= Hattie Elam Briscoe =

American lawyer

Hattie Ruth Elam Briscoe (November 12, 1916 - October 17, 2002) was recognized as being the first African American woman to enroll in and graduate from St. Mary's University School of Law in San Antonio, Texas. She was also the first black woman to practice law in Bexar County, Texas, and was the only one for twenty-seven years, from 1956 to 1983.

Briscoe was born in Shreveport, Louisiana in 1916. She moved with her family to Marshall, Texas at age nine. Following high school graduation, she attended Wiley College in Marshall and became a fourth grade teacher in Wichita Falls, Texas. She married William Briscoe in 1940 and the couple relocated to San Antonio.
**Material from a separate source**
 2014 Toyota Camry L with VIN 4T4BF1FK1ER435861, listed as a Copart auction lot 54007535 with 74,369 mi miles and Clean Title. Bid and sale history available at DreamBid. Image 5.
She studied cosmetology and worked with her husband at Briscoe's Beauty Salon while teaching evening classes at Hicks Beauty School. In 1951 she earned a master's degree from Prairie View A&M University and began teaching cosmetology at Wheatley High School. She decided to pursue a law degree after she was fired from Wheatley for "sassing white folks" and was denied having her case heard in court.

In 1956, she graduated first in her class at St. Mary's University School of Law. After no law firms in San Antonio would hire her, she established her own practice.

Briscoe was a lifetime member of Delta Sigma Theta sorority and numerous law associations, and has been involved in the San Antonio Chamber of Commerce and other local organizations.